Work item — A stretch of the entries below is to be set down exactly, running from the line with "Puede incluir: Impresión" through the line with "Home with brick", both included, and no other line.

Data in this exercise —
────
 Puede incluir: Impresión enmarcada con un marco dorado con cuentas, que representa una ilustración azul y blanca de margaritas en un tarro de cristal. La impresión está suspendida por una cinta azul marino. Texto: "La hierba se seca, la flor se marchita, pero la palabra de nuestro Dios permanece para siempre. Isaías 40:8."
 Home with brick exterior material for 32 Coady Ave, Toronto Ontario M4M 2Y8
────
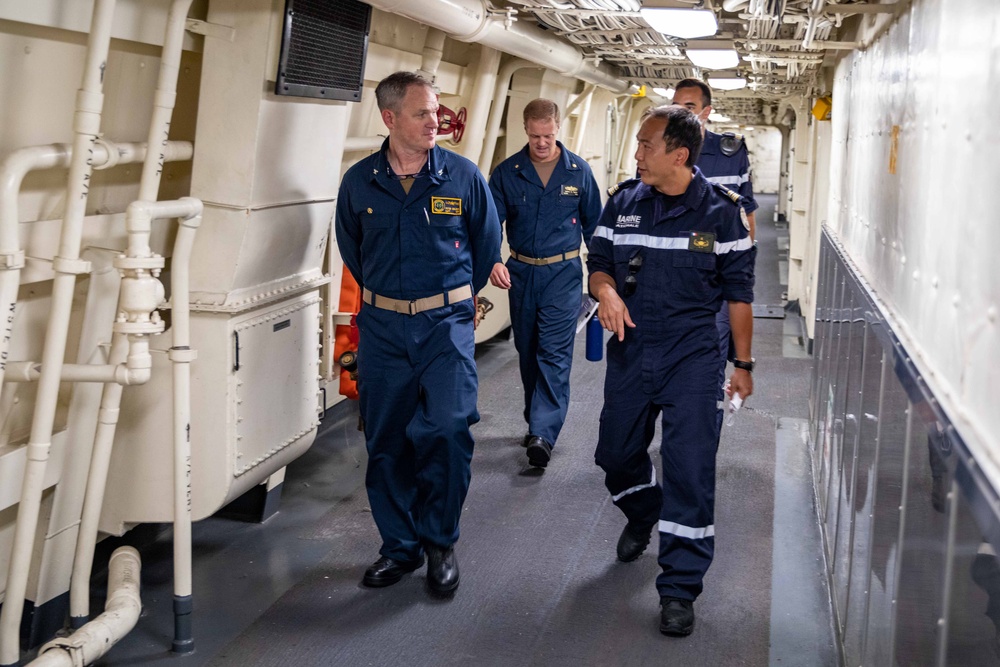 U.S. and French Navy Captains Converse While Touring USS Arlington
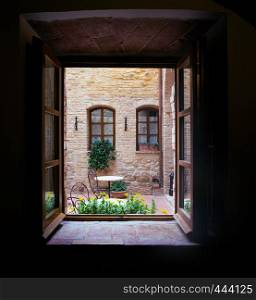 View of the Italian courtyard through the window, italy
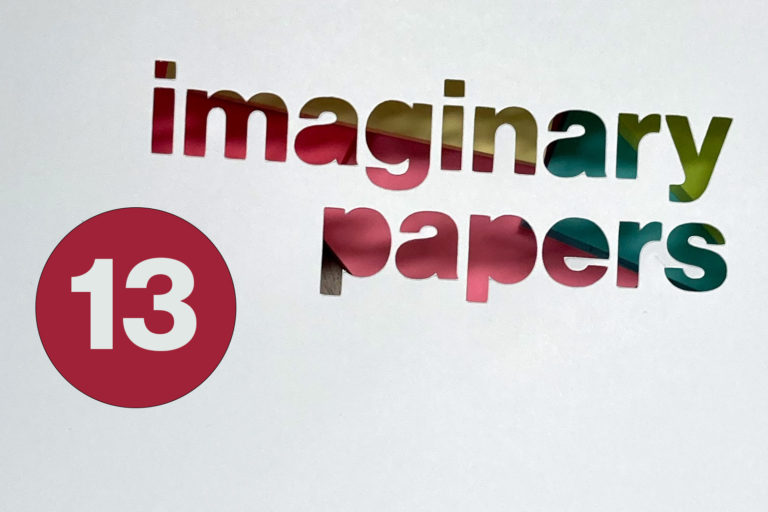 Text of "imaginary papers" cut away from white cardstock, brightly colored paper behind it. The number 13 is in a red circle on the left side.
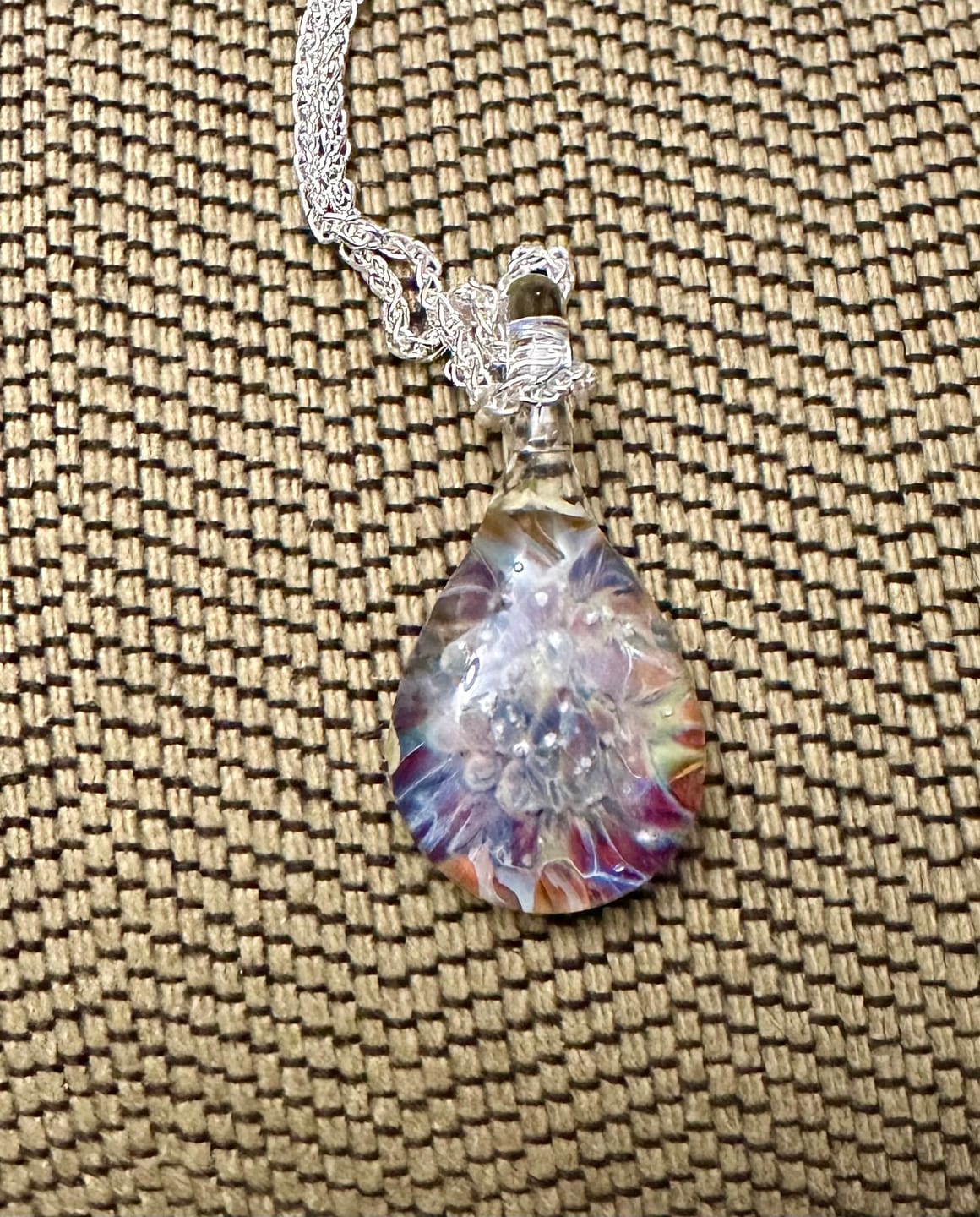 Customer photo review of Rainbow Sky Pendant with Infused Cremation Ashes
────
Answer section —
 Puede incluir: Impresión enmarcada con un marco dorado con cuentas, que representa una ilustración azul y blanca de margaritas en un tarro de cristal. La impresión está suspendida por una cinta azul marino. Texto: "La hierba se seca, la flor se marchita, pero la palabra de nuestro Dios permanece para siempre. Isaías 40:8."
 Home with brick exterior material for 32 Coady Ave, Toronto Ontario M4M 2Y8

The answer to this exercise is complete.